A new report issued by US ratings agency Fitch says that fast-rising home prices and record levels of household debt pose a threat to the credit portfolios of Canadian banks.
The agency examined the exposure of Canada’s six largest banks to mortgage risk and found that household debt fuelled by mortgage credit expansion in Canada is the largest threat to credit profiles.
“These are quite high levels of debt for households and the movement in house prices, we don’t think this is sustainable in the long term,” said report author Fabrice Toka, senior director at Fitch.
The six banks have a combined $730-billion in mortgage exposure and an additional $182-billion in home equity loan exposure, the report noted.
High unemployment or interest rate shock “could aversely affect the ability of leveraged homeowners to meet their mortgage obligations,” the report said.
The risk testing scenario looked at drops of 1 to 10% and sees CIBC and RBC as the most exposed to mortgage value risks. The debt-to-income ratio in Canada is currently higher than it was in pre-recession US, but Fitch points out that there are structural differences in our housing market.
Here’s the full article in the Financial Post.
Here’s a couple of recent stories about Canada’s Housing Agency: First off there’s the news that the government seems to be trying to figure out how to distance themselves from it, maybe by selling it off:
Anyone trying to understand the concern over a potential housing bubble in Canada need look no further than the debate among government officials over whether to exit the mortgage insurance business.

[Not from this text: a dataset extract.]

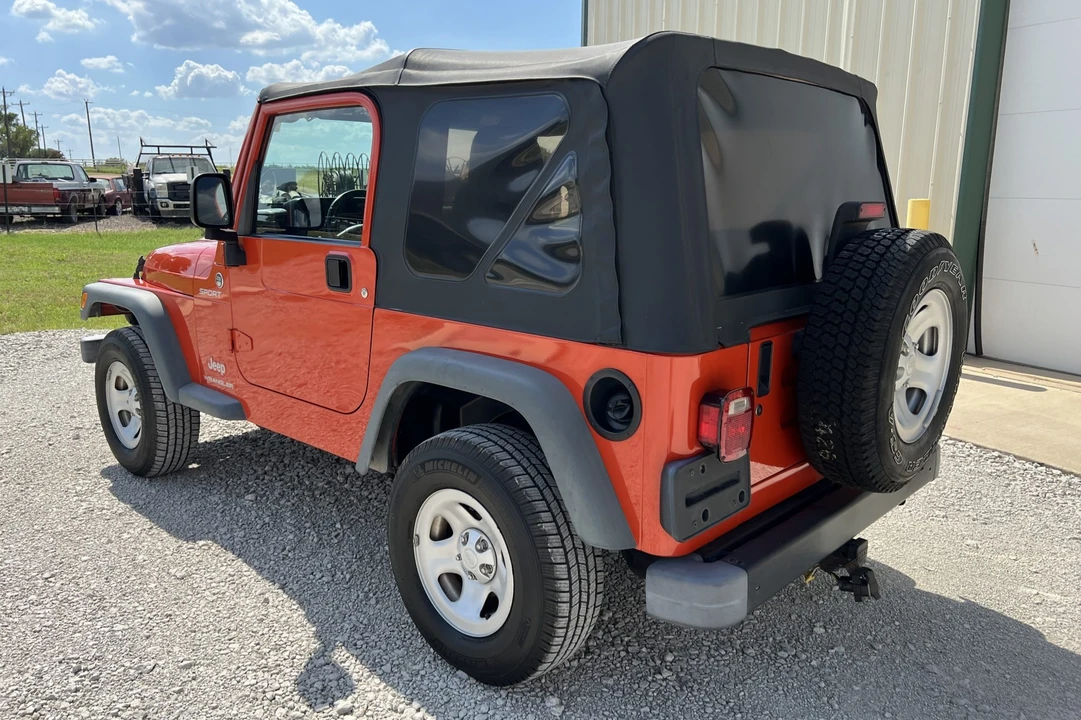 2006 Jeep TJ Wrangler - Image 18 of 31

The board of Canada Mortgage & Housing Corp. considered selling the home loan insurer last year, according to former Chairman Dino Chiesa, who’s term ended in March. CMHC, set up in 1946 to promote home ownership, also studied the sale of Australia’s government-owned insurer and presented the findings to the Bank of Canada, according to documents released to Bloomberg News under Canada’s Access to Information Act.
Here’s the full article.
But of course the CMHC is also saying they see ‘no sign of a market bubble’.

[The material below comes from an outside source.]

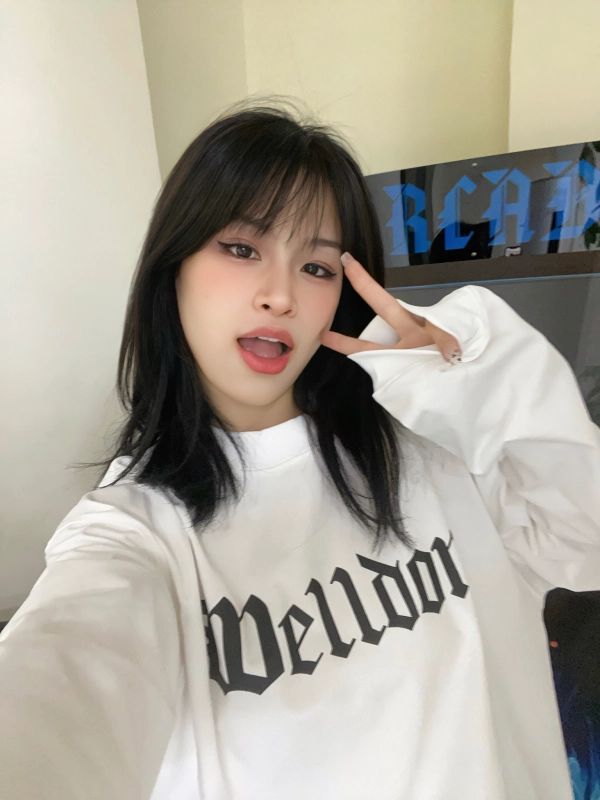 WE11DONE 24 autumn and winter round neck Sanskrit letter printing loose long-sleeved T-shirt for men and women couples trendy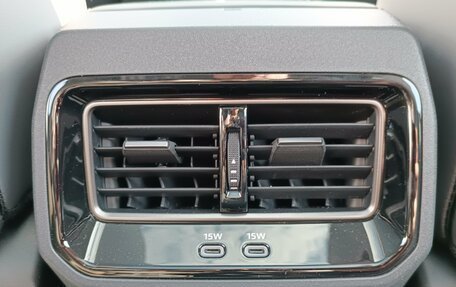 Toyota RAV4, 2025 год, 5 300 000 рублей, 29 фотография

While the report did not make specific reference to the government’s changes in the oversight of CMHC, it did offer what could be characterized an strong validation of its role and operations.
“CMHC follows prudential regulations as set out by the Office of the Superintendent of Financial Institutions, with CMHC maintaining more than twice the minimum capital required by OSFI,” it said. “As a result, CMHC is well positioned to weather possible severe economic scenarios.”
The report also highlighted the important role CMHC plays in the housing market, which it said accounted for 20%, or $346-billion, of Canada’s gross domestic product last year. It pointed out the agency “manages its mortgage loan insurance and securitization guarantee operations using sound business practices that ensure commercial viability without having to rely on the government of Canada for support.”
Here’s that article.
There’s an article in the Globe and Mail about the rising number of ‘Grandpa debtors‘ – people past the age of 55 who have debt problems. There are a few reasons sited for this shift: easy credit, lack of emergency savings and relying on real estate as a retirement plan:
Real estate can also be a factor in some of these dire debt situations, Mr. Elyea said. Some older debtors head into retirement with $50,000 still left on their mortgages, and then start using their credit cards to pay them because their income has dropped and the CPP and OAS aren’t enough to cover the payments.
There’s also the trap of considering your home to be your retirement nest egg, said Mr. Elyea, which can backfire because of the unpredictability of the housing market.
“In our Tri-Cities practice [covering Coquitlam, Port Coquitlam and Port Moody], that’s where a lot of people bought houses at the height of the market when anybody could get financing, and now they’re all [valued] below what they paid for them,” he said.
If you do find yourself in a situation where your debt has gotten out of control, see a professional, said Mr. Eylea, whether it’s a bankruptcy trustee or a money coach who can let you know about your options.
Here’s the full article.
You’ve probably noticed lots of eye rolling around here anytime someone mentions how Canadian banks are so different from US banks. The Canadian Centre for Policy Alternatives is now pointing out in a report that Canadian banks actually received a multibillion dollar bailout from October 2008 to July 2010. The government is being accused of offering ‘liquidity support’ that is much higher than originally reported.
All told, the study counts $114 billion worth of guarantees and financial aid for Canada’s big banks from government agencies such as the Bank of Canada and the Canada Mortgage and Housing Corp.
MacDonald combed through financial reports from government institutions as well as quarterly reports from the banks themselves.
He says the government has been obfuscating the true cost of supporting the banks.
“A healthy and resilient banking sector cannot operate under a shroud of secrecy. Details of the massive taxpayer support Canadian banks received should be released in the name of transparency and accountability,” MacDonald said.
They also point out that the heads of Canada’s big banks received large raises during the time this ‘liquidity support’ was offered.